= Berhanu Girma =

Ethiopian long-distance runner

Berhanu Girma Degefa (born 22 November 1986) is an Ethiopian long-distance runner who competes in road running events for Canada. His personal best for the marathon is 2:06:09 hours and he was the 2012 winner of Grandma's Marathon.

Berhanu made his debut over the marathon distance in 2009, competing at the Casablanca Marathon and finishing fifth with a time of 2:15:57 hours. His next outing at the 2010 Valencia Marathon saw a three-minute improvement to 2:12:51 hours. He was also fifth at the Košice Peace Marathon that year. He fared less well in 2011, coming 19th at the Prague Marathon and 13th at the Twin Cities Marathon, barely managing to dip under two hours and twenty minutes that year.

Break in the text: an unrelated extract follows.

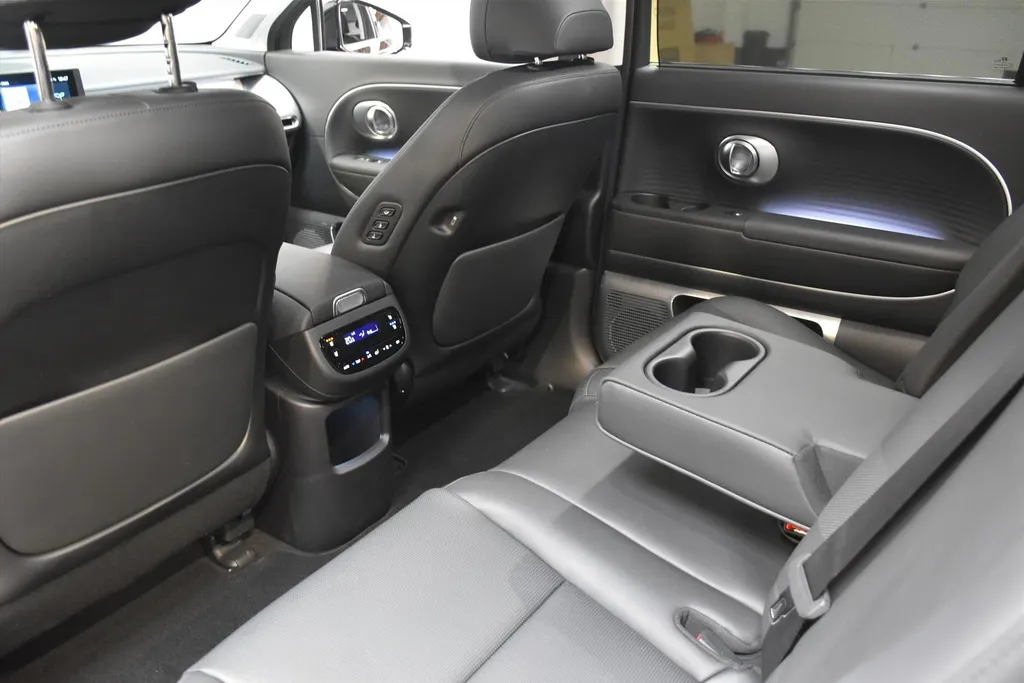 Hyundai IONIQ 9 Connect Plus Blackline 110 kWh AWD 308PK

Berhanu was only 20th at the 2012 Marrakech Marathon but later set personal bests in the half marathon (61:54 minutes in Barcelona) the marathon, the latter in a winning time of 2:12:25 hours at Grandma's Marathon. He set a 10K run best of 28:46 minutes at the Corrida de Langueux, where he was eighth. He was also the runner-up at that year's Twin Cities Marathon.

He was further down the rankings in his first two marathons of 2013, coming 14th at the Tiberias Marathon and eighth at the Chongqing Marathon, but he made a surprise breakthrough at the Amsterdam Marathon with a performance of 2:06:09 hours to finish runner-up to the defending champion Wilson Chebet.

In 2019, he was the 11th finisher at the Daegu International Marathon in Daegu, South Korea. His time was 2:14:50.